Ön seçimle mi, eğilim yoklaması mı?..

Hangisi tercih edilecek, henüz belli değil..

Ancak önem arz edici olan; CHP’nin tarihinde örnek teşkil edici olması..

Parti üyelerine söz hakkı!..

***

Malum, Ekrem İmamoğlu ile Mansur Yavaş..

Hal-i hazırda bu iki isim önde..

Ancak, “torbadan çıkabilecekler de yok değil..

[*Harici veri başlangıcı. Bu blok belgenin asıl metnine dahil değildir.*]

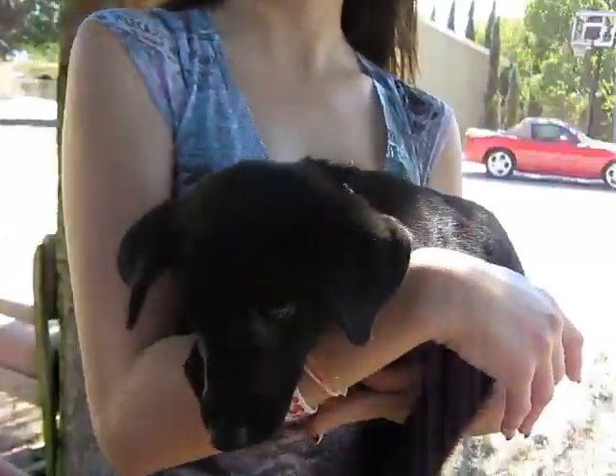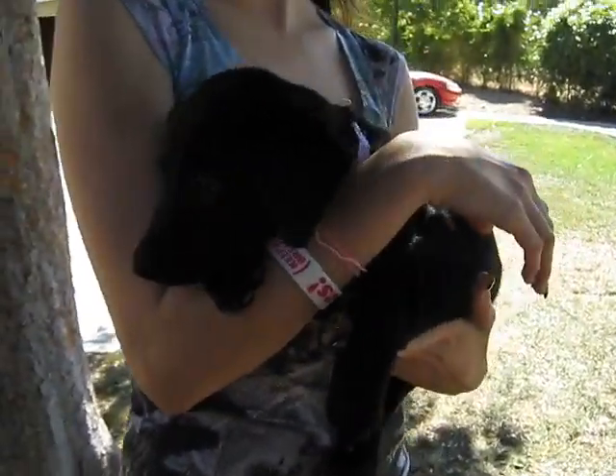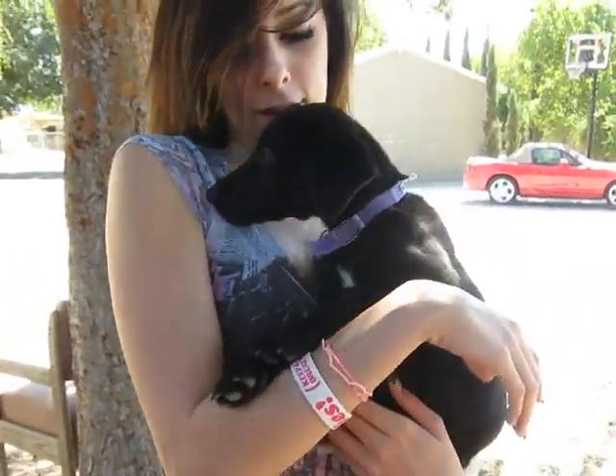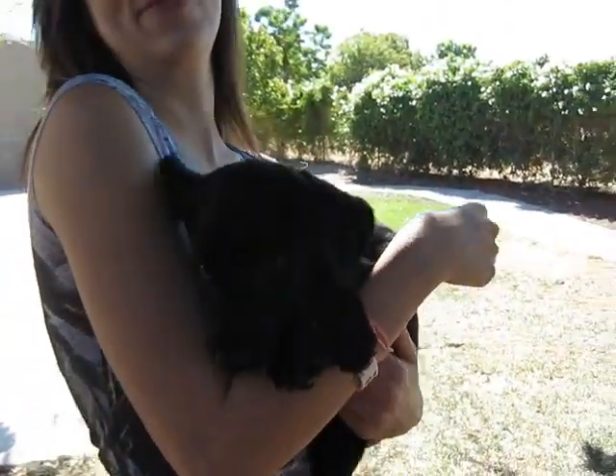They're all very sweet temperaments. She will make a wonderful home. Probably going to be great with kids. And they're starting to get active now, so we need to find their forever home. See how sweet she is. And that's Abby.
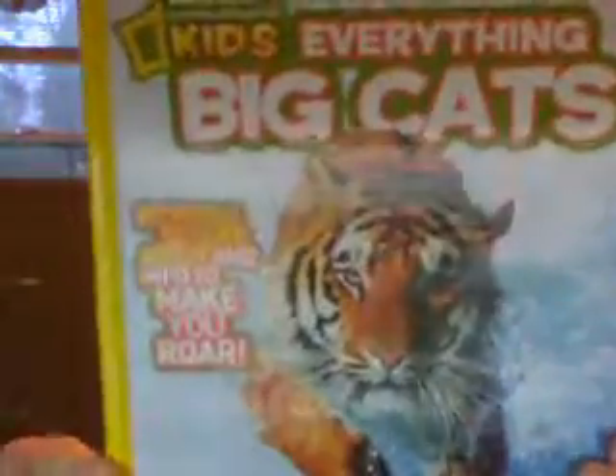First we've got National Geographic Kids: Everything Big Cats — but it probably has normal cats in it too, but that's just the title, you know.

Özgür Özel’den son bir hamle..

Kemal Kılıçdaroğlu’ndan bir çıkış..

Muharrem İnce’den partiye dönüş?..

***

İmamoğlu ve Yavaş cephesinden, parti üyeleri üzerinden aday belirlemede, avantaj kimden yana derseniz!..

İmamoğlu çıkıyor..

Çünkü CHP’nin hal-i hazırda, 1.5 milyonu bulan parti üyesinin ekseriyeti, İstanbul!…

İmamoğlu için ön seçim veya eğilim yoklaması, çantada keklik..

Diyeceksiniz ki, bir ve ikinci çıkanlar için, şu formül olsun..

Eee altılı masa politikası..

Cumhurbaşkanı..

9 da yardımcısı

Burda da İmamoğlu aday, Yavaş yardımcısı..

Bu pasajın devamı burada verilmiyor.